START Provided records
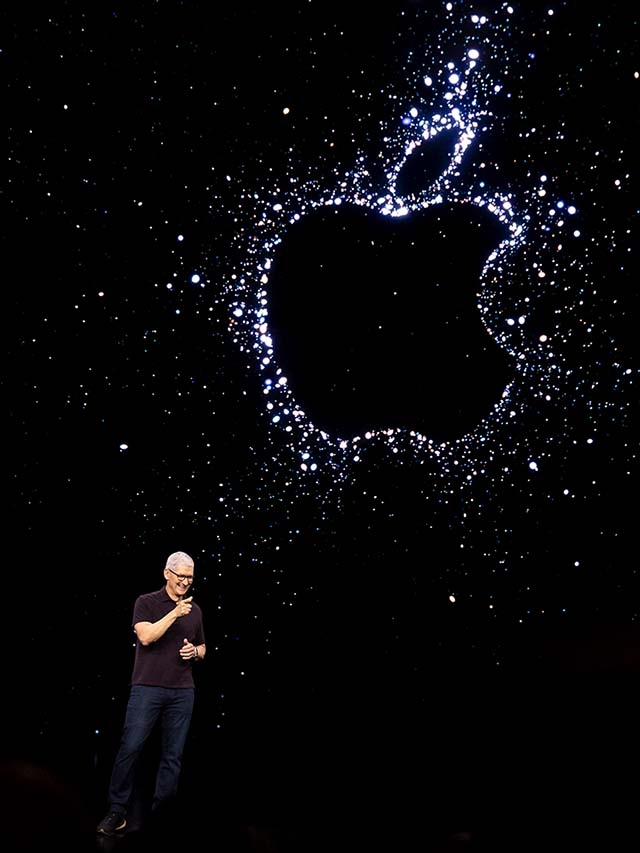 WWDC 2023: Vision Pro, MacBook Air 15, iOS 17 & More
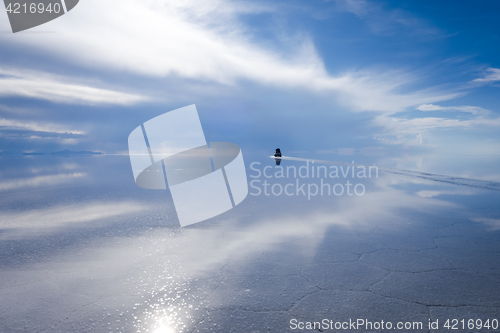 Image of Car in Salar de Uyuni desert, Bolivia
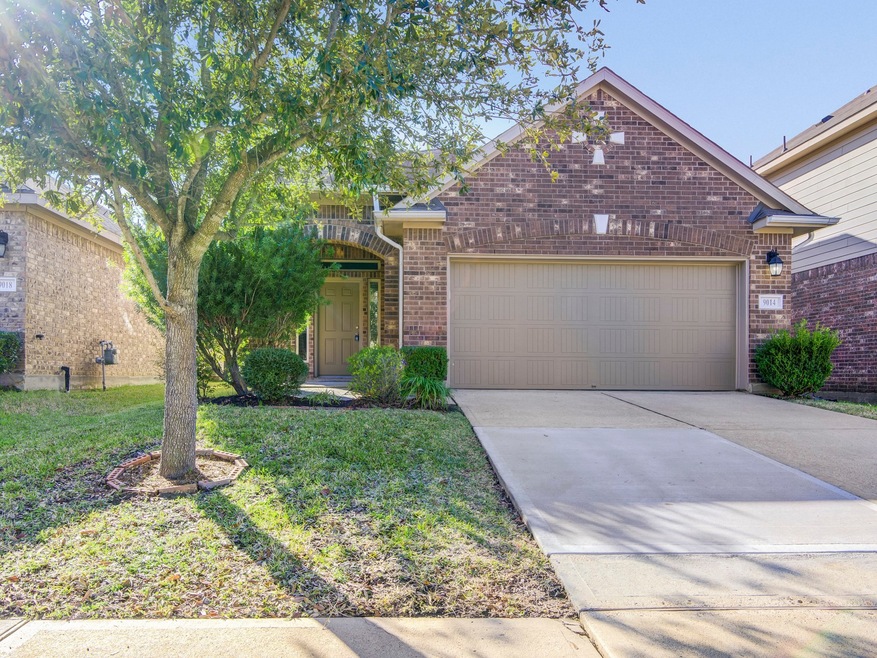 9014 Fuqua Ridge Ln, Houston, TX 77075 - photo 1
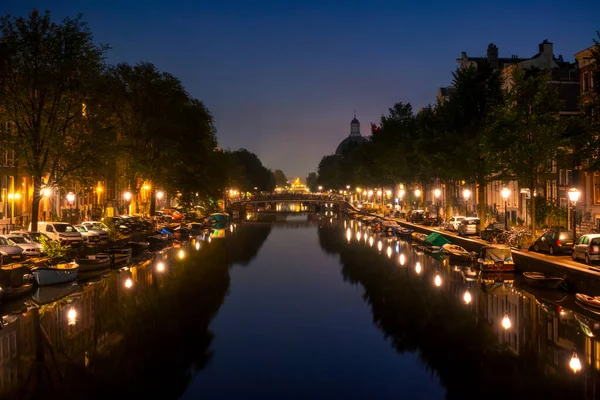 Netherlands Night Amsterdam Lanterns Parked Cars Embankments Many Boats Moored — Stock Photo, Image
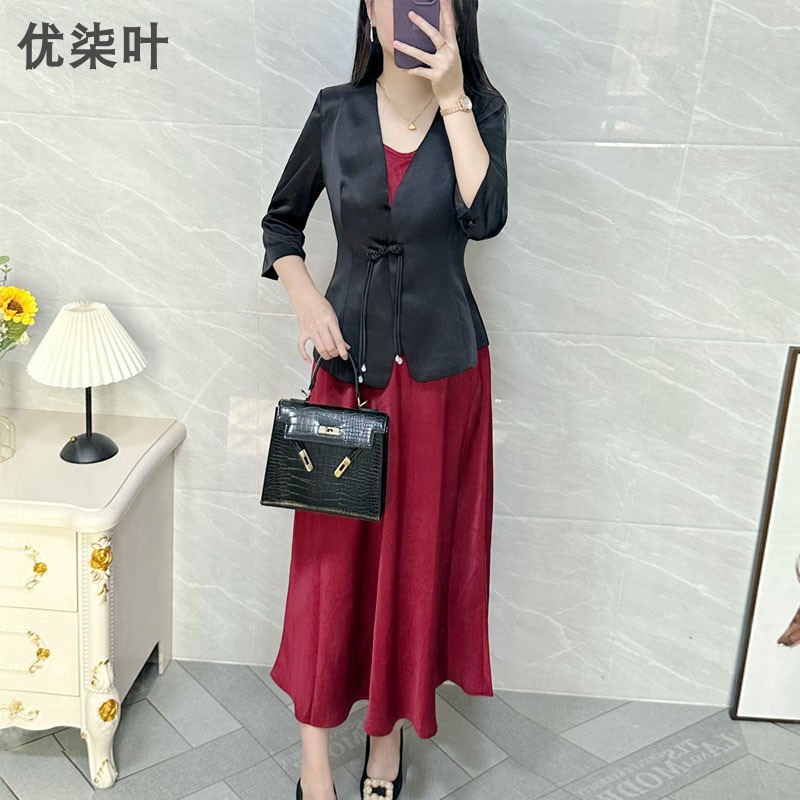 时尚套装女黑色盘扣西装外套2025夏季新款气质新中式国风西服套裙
END Provided records
• [Assignment]
Copy the final stretch of lines, starting at the one that holds "9014 Fuqua Ridge" and ending at the last line of the data, exactly; omit pictures.

• [Solved exercise]
 9014 Fuqua Ridge Ln, Houston, TX 77075 - photo 1
 Netherlands Night Amsterdam Lanterns Parked Cars Embankments Many Boats Moored — Stock Photo, Image
 时尚套装女黑色盘扣西装外套2025夏季新款气质新中式国风西服套裙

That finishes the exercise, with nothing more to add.